James Goss, media and entertainment analyst for Barrington Research, said the price of $37.60 was in line with expectations. The figure represents a 10.2 percent premium over shares’ closing price on Wednesday.
“I don’t think there’s anything that’s happened that’s been totally surprising,” Goss said.
Clear Channel also said it plans to sell 448 of its radio stations, all located outside the top 100 markets, as well as its 42-station television group, which are also located in smaller markets. Collectively the properties made up less than 10 percent of the company’s revenues last year.
The acquisition is not dependent on the sale of those assets, the company said.
Clear Channel owns or operates 1,150 radio stations and is the largest operator of radio stations in the country.
Kit Spring, an analyst for Stifel Nicolaus & Co. Inc., wrote in a note that shareholders should reject the initial offer.
“(Clear Channel’s) assets could command a much higher price if sold piece by piece, in our view,” the note said.
Moran said the other “wild card” in Thursday’s announcement was the fate of Clear Channel Outdoor, a major operator of billboard and bus-stop ads. Clear Channel owns a majority of the outdoor business, which trades separately.
Outdoor advertising company JCDecaux last week expressed interest in acquiring Clear Channel Outdoor.

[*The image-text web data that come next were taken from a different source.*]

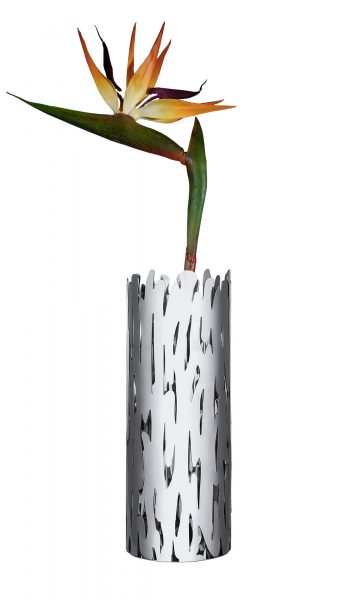 The Alessi Barkvase Flower Vase designed by Michael Boucquillon and Donia Maaoui inspiered by the trees that surround their house in Lucca. The flower vase is produced at the factory in Crusinallo, Omegna, using a cutting and laser perforating process on the steel sheet, which is subsequently shaped and welded. The design of  "Barkvase", as its name suggests, is inspired by tree bark and its perforated pattern recalls knots in the wood grain.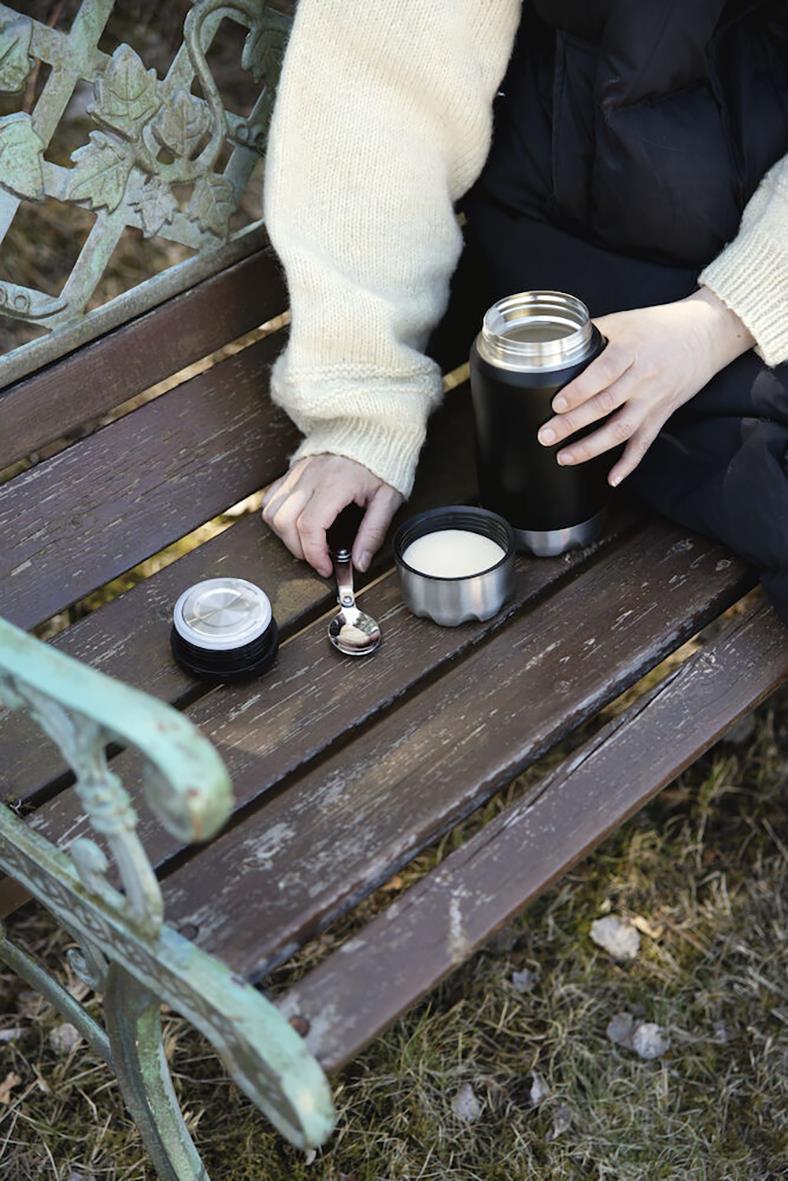 Person med vit tröja och mörk jacka använder en svart termos på en parkbänk, med ett lock och en sked bredvid.
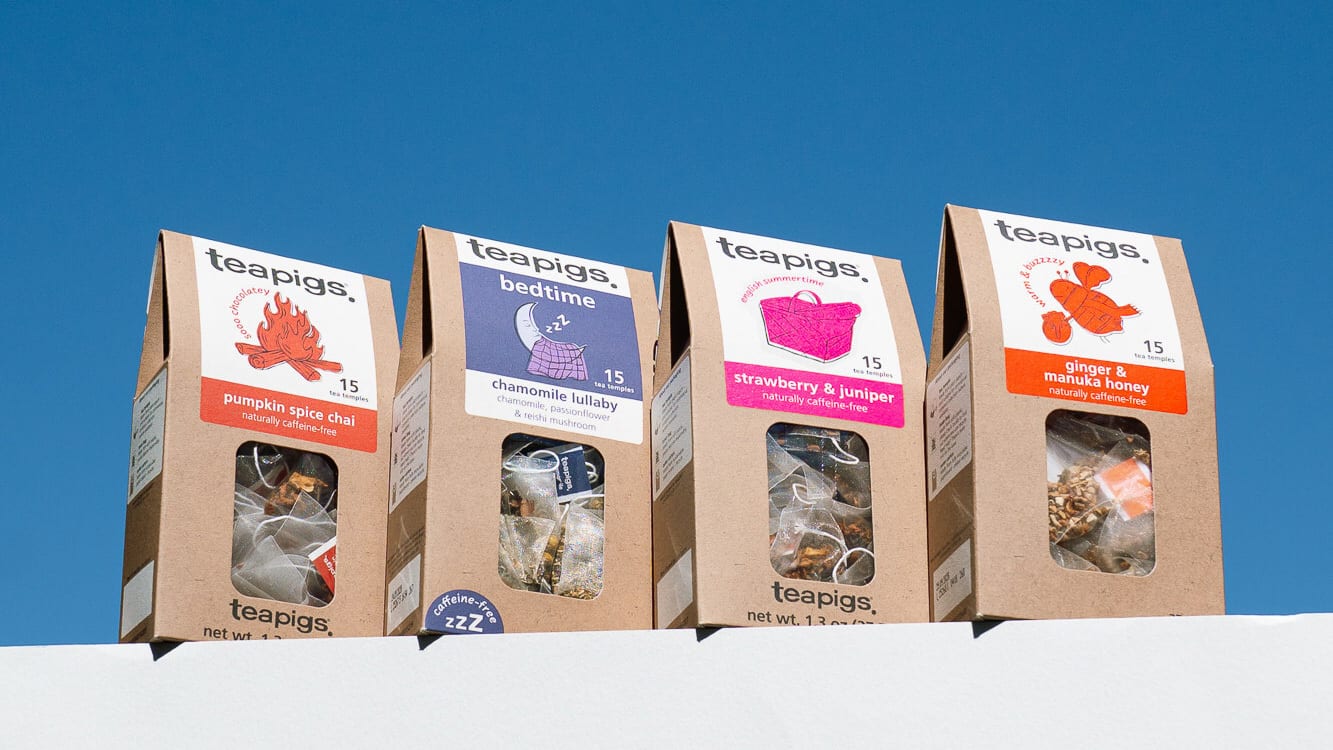 Four Teapigs tea boxes (pumpkin spice chai, bedtime, strawberry & juniper, ginger & manuka honey) against a blue sky.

Thursday’s announcement doesn’t include any provisions for taking the public portion of Clear Channel Outdoor private, the company said. However, Clear Channel’s majority ownership of Clear Channel Outdoor will transfer to the private equity group.
The company’s directors have approved the agreement, with the board insiders recused from the vote.
Once stock market darlings, radio stocks have fallen out of favor on Wall Street in recent years amid sluggish advertising revenues and competition from the boom in portable listening devices like Apple Computer Inc.’s iPods and the emerging growth of satellite radio.
Since January of 2000, Clear Channel stock has fallen from a high of more than $90.
Clear Channel has instituted several measures to try to win listeners back, including cutting back on the number of commercials. However other operators have yet to embrace its “less is more” strategy.
Clear Channel was founded in 1972 and benefited greatly from the loosening of media ownership rules, which allowed more radio stations to be held by a single owner in each market.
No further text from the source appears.